帝虽神识恬畅,而无济世大略,故谢安称为惠帝之流,清谈差胜耳。沙门支道林尝言"会岙有远体而无远神"。谢灵运迹其行事,亦以为赧献之辈云。——《简文帝纪》
东晋简文帝曾经被谢安评价为“惠帝之流”,大概是说简文帝与西晋的痴傻皇帝晋惠帝司马衷一般,这可算是毫不掩饰的讥讽了;后世谢灵运观其生平行事,也认为司马昱是周赧王、汉献帝之辈,用末代帝王与简文帝作比,也是赤裸裸的轻视了。
那么,简文帝司马昱为何会有如此差的评价呢?甚至同朝人物都敢这般讥讽和轻视?背后有什么被忽略的事实?
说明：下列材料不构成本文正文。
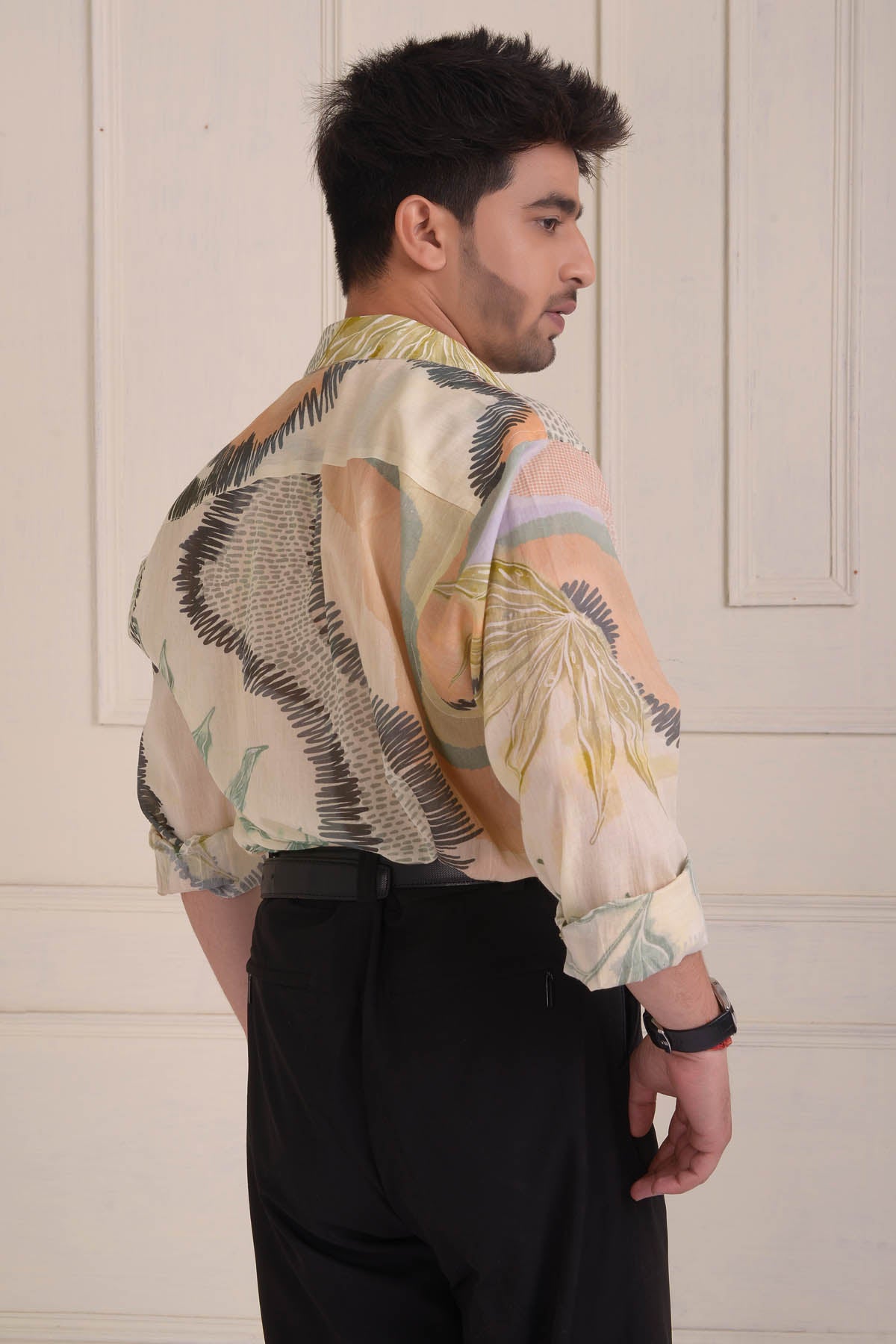 Wave Print Embellished Shirt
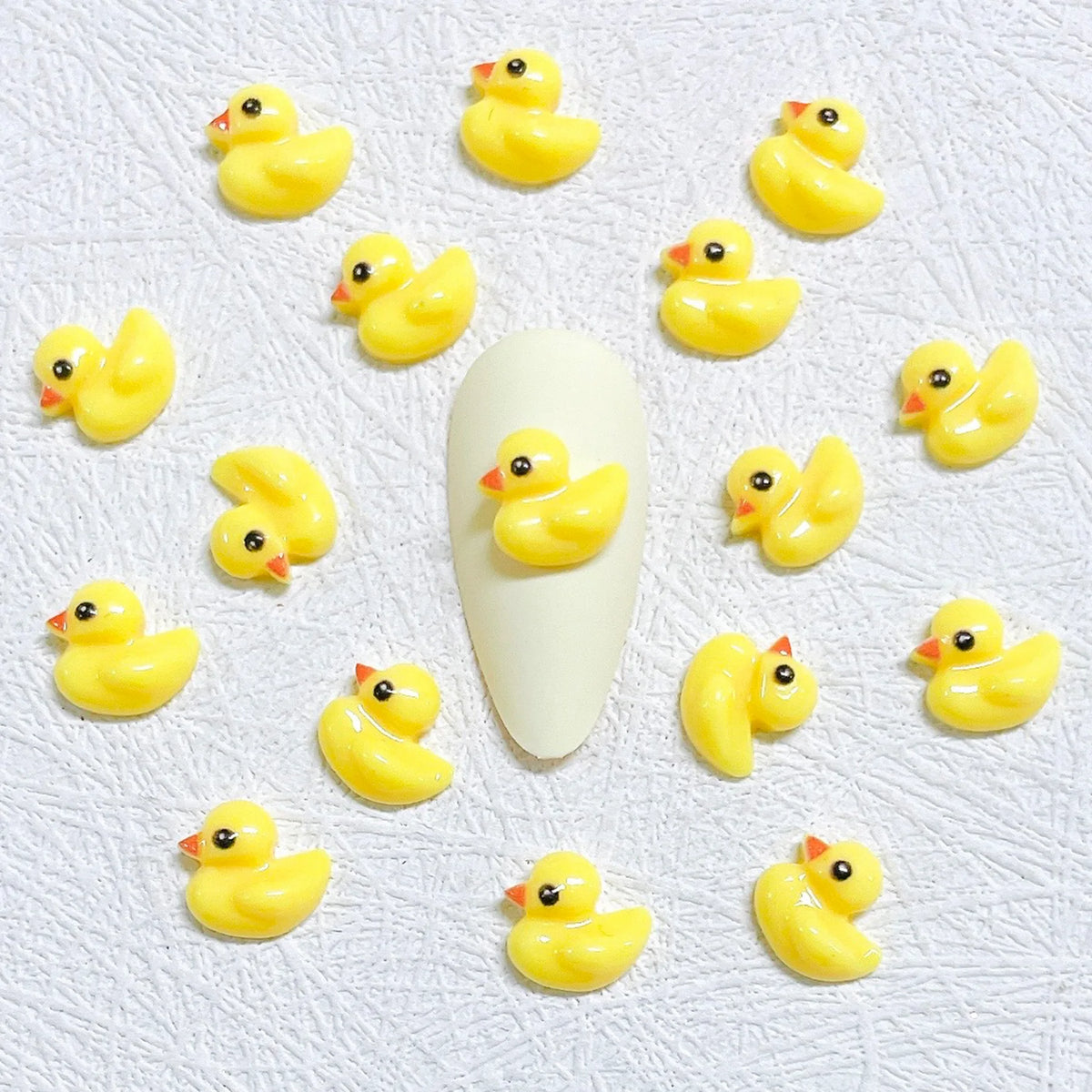 20pcs New Nail Art Cartoon Accessories Little Yellow Duck Resin Cute Nail Charms Decorations Supplies DIY 3D Cute Nail Art Parts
且听分解——先来看看为何司马昱会有如此差的评价?会稽王昱,不思讨贼,居然受迎称帝,徒作涕泣之容,反长凶残之焰,朝危主辱,嗟何及乎?——蔡东藩《两晋演义》
其实除了“惠帝之流”、“赧献之辈”的评价之外,后世对司马昱的评价的确不是很高。蔡东藩在《两晋演义》当中曾有一番颇为快意的评价,说司马昱不思讨伐逆贼,竟然接受迎立称帝,故作悲伤涕零之态,助长凶残势力的气焰,王朝危急当权者受辱,即便哀叹也没有用处。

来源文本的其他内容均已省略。